The shortlist is here. Who will go the distance?
So here we are with the most hotly debated annual shortlist in the English-speaking books world – the final six books vying for the Man Booker Prize 2009.
What has it boiled down to?
Summerland by JM Coetzee
The Children’s Book by AS Byatt
Wolf Hall by Hilary Mantel
The Quickening Maze by Adam Foulds
The Little Stranger by Sarah Waters
The Glass Room by Simon Mawer
Coetzee, if he wins, will have an unprecedented Booker hat-trick (he won previously for The Life and Times of Michael K and Disgrace). Byatt has won before. And a lot of people feel that Mantel’s time has come (she is the bookies’ favourite).

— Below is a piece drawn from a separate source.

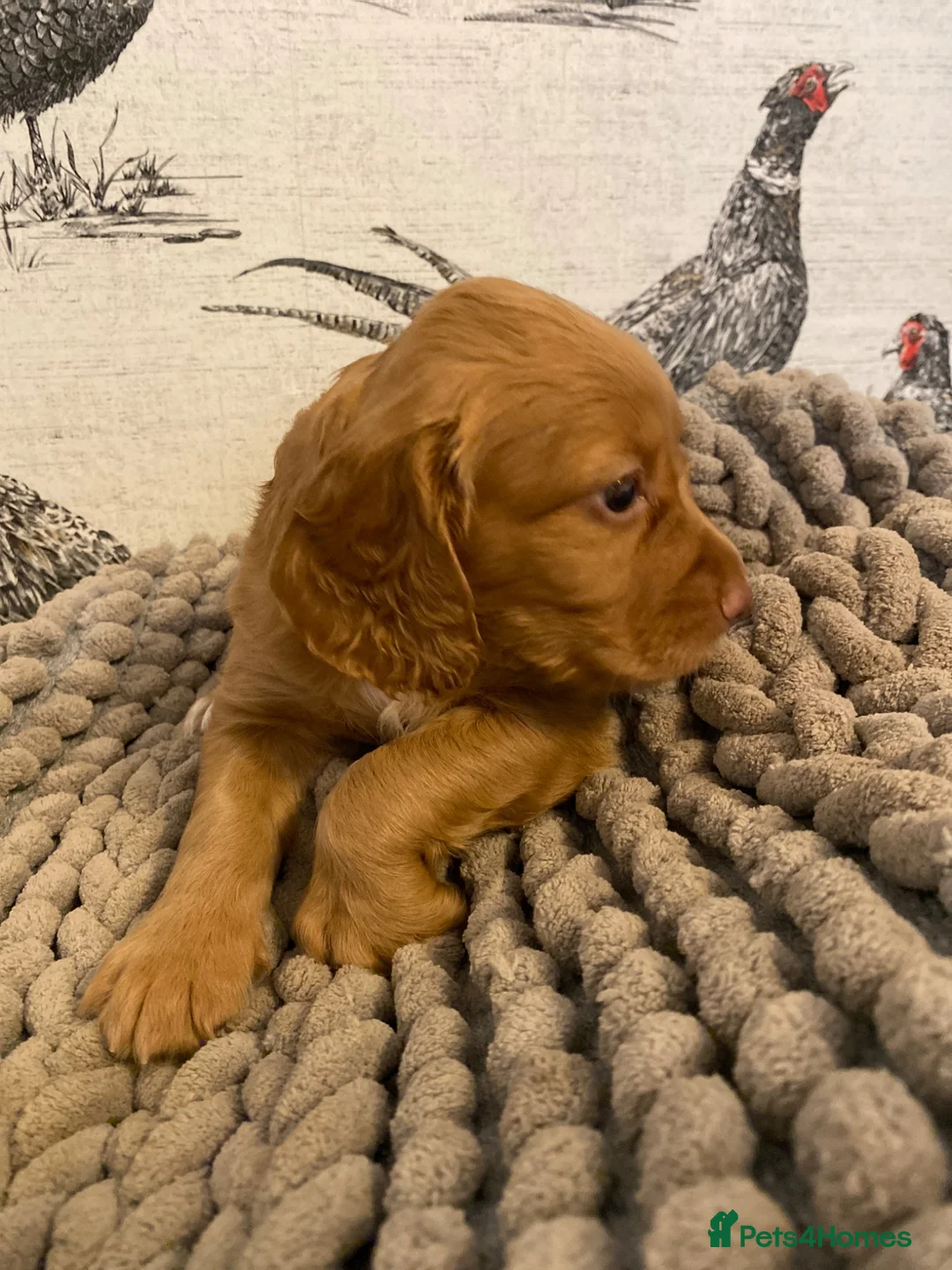 Cocker Spaniel dogs for sale: Beautiful KC Working Cocker Spaniel Puppies. - Advert 2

The shortlist has drawn various reactions from the quality London press. While the Observer thinks it is fiercely English centric; the Telegraph thinks this is the strongest shortlist in years; and the Times is also very supportive of the list.
What do you think?
Me, I wished Colm Toibin was on it. I am a great admirer of Coetzee’s, although his postmodern solipsism can sometimes get to me. I haven’t yet read the Mantel or the Byatt (both dauntingly long), and Adam Foulds is a great young talent. (His book-length narrative poem, The Broken Word is a compact masterpiece.) It is a very safe list, I think, heavily relying on historical fiction. And, yes, it is English centric. But then, neither of those may necessarily be a bad thing.